Ardour is currently available in two distinct versions. The 2.x series is the stable public release track, but it lacks some of the features considered essential in a modern DAW. The soon-to-be-public 3.x series includes just about everything you can find in a DAW, including extensive MIDI support, the feature most notably missing in the 2.x releases. Of course Ardour synchronizes with external hardware and software by various means, including MTC (MIDI Time Code), MIDI Clock, and JACK. Open Sound Control (OSC) messaging is also supported, giving Ardour the opportunity to control or be controlled by other OSC-savvy programs.

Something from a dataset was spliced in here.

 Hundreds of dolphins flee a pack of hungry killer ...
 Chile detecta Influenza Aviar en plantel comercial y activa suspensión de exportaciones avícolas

Plugin support is extensive, though both the 2.x and 3.x lack support for the DSSI plugin API. Native Linux VST plugins are welcome, and it is possible to compile a version of Ardour that will host native Windows VST plugins. This capability is not unique to Ardour and, like any other Linux DAW with such support, its performance will vary according to initial conditions. Those conditions include the version of Wine used during the build, the conformance of the plugins to Windows programming standards, and the availability of required DLLs. Copy-protection schemes, especially hardware-based keys, are almost certain to block the use of the protected plugins.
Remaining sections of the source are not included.